(Stored entries)
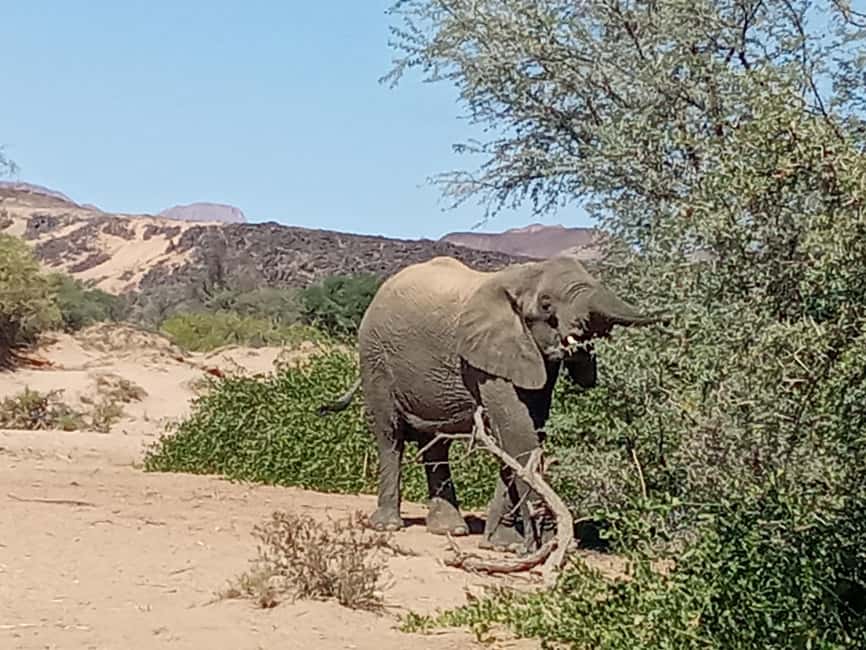 image n.14 of Elephant Adventure with Herson - a native of Damaraland activity in Kunene Region, uploaded by supplier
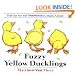 Fuzzy Yellow Ducklings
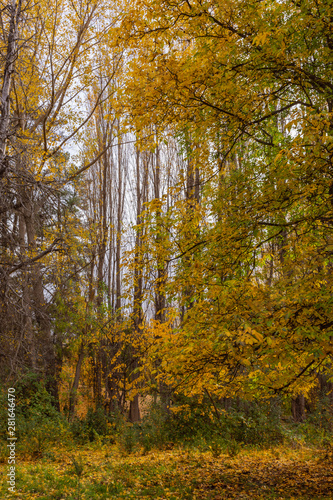 View of English Walnut Tree During Autumn Season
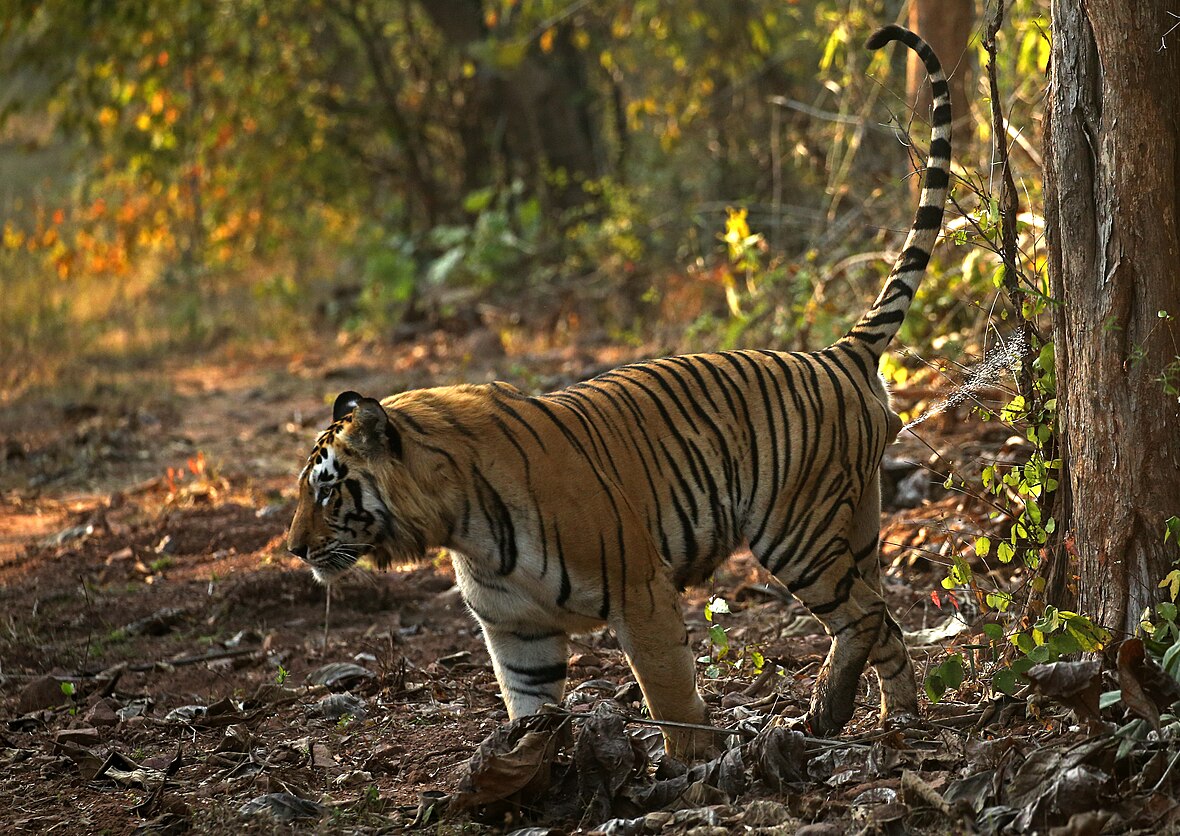 A tiger aims his penis backward while urinating.[1]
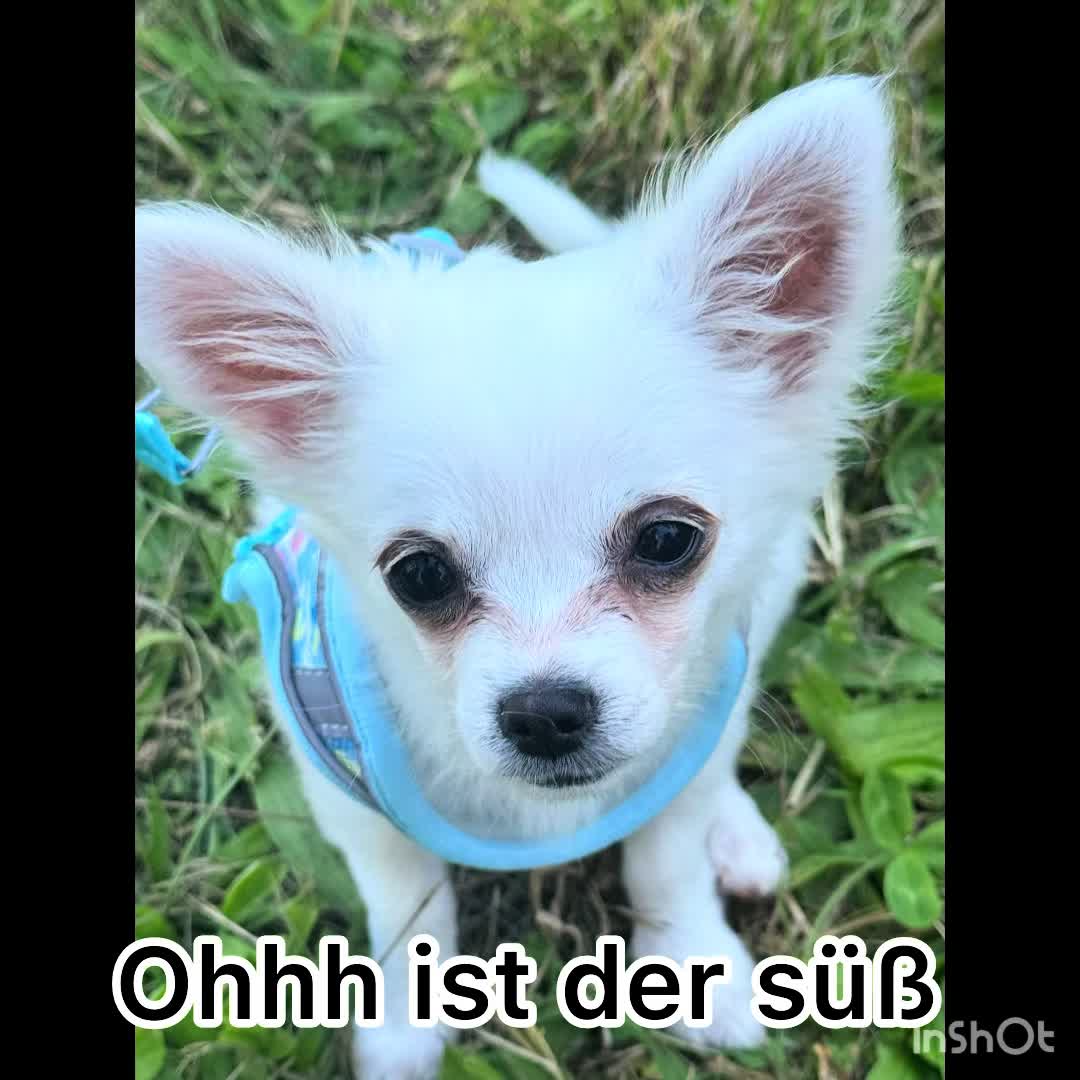 @Katja Welsch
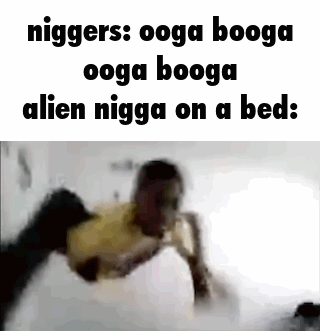 ooga_booga.gif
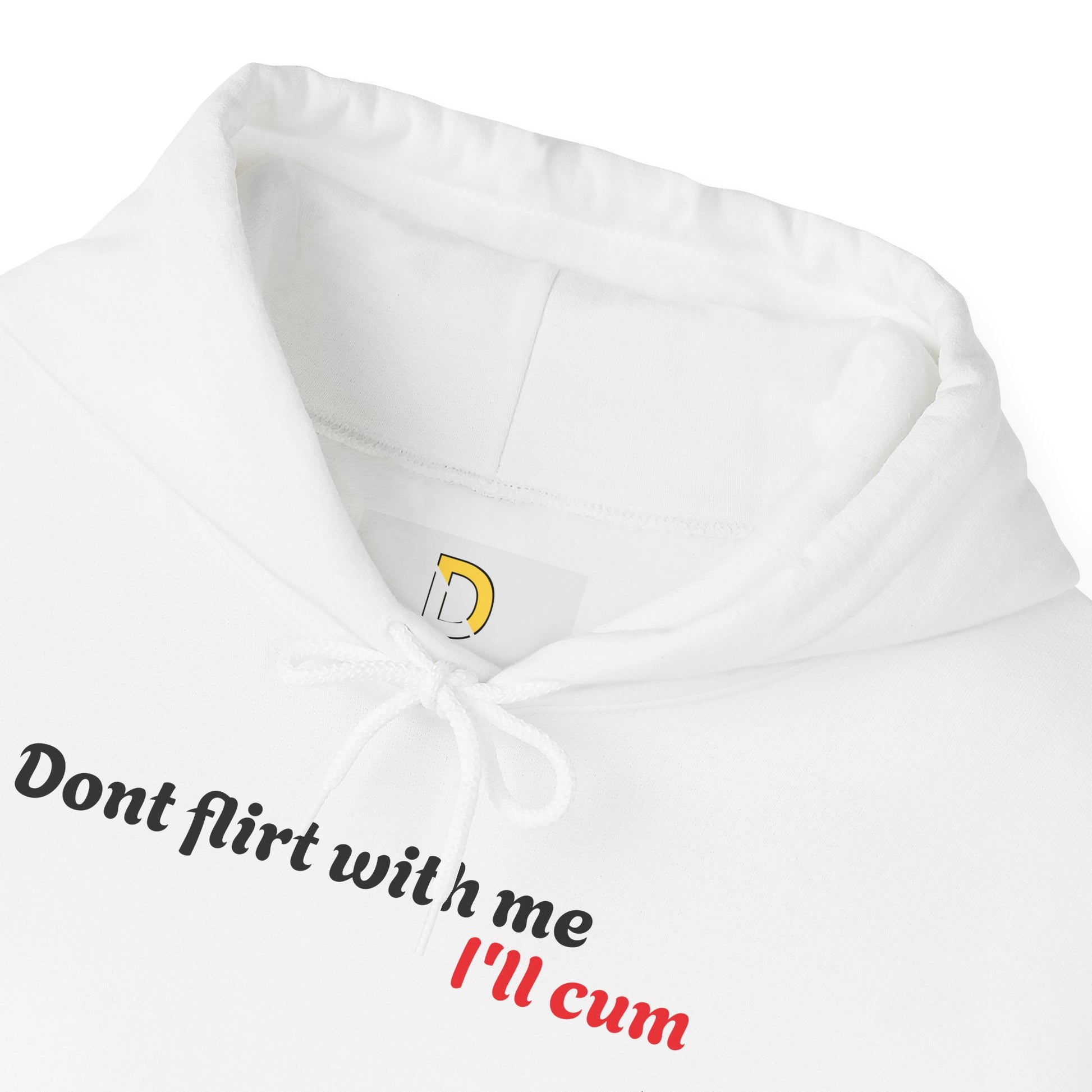 Dont Flirt, I'll Cum Hoodie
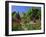 Herbaceous Borders in the Gardens, Crathes Castle, Grampian, Scotland, UK, Europe-Kathy Collins-Framed Photographic Print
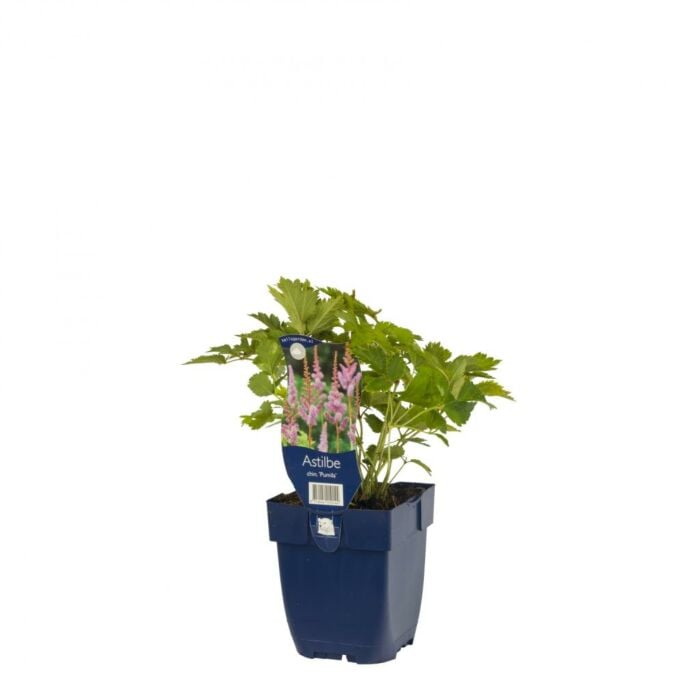 Spirea - Astilbe Chin. 'Pumila'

● ASSIGNMENT
Only lines from the one holding "A tiger aims" through the last line of the entries above are wanted, both ends included, each retyped exactly; no pictures.

● EXERCISE RESPONSE
 A tiger aims his penis backward while urinating.[1]
 @Katja Welsch
 ooga_booga.gif
 Dont Flirt, I'll Cum Hoodie
 Herbaceous Borders in the Gardens, Crathes Castle, Grampian, Scotland, UK, Europe-Kathy Collins-Framed Photographic Print
 Spirea - Astilbe Chin. 'Pumila'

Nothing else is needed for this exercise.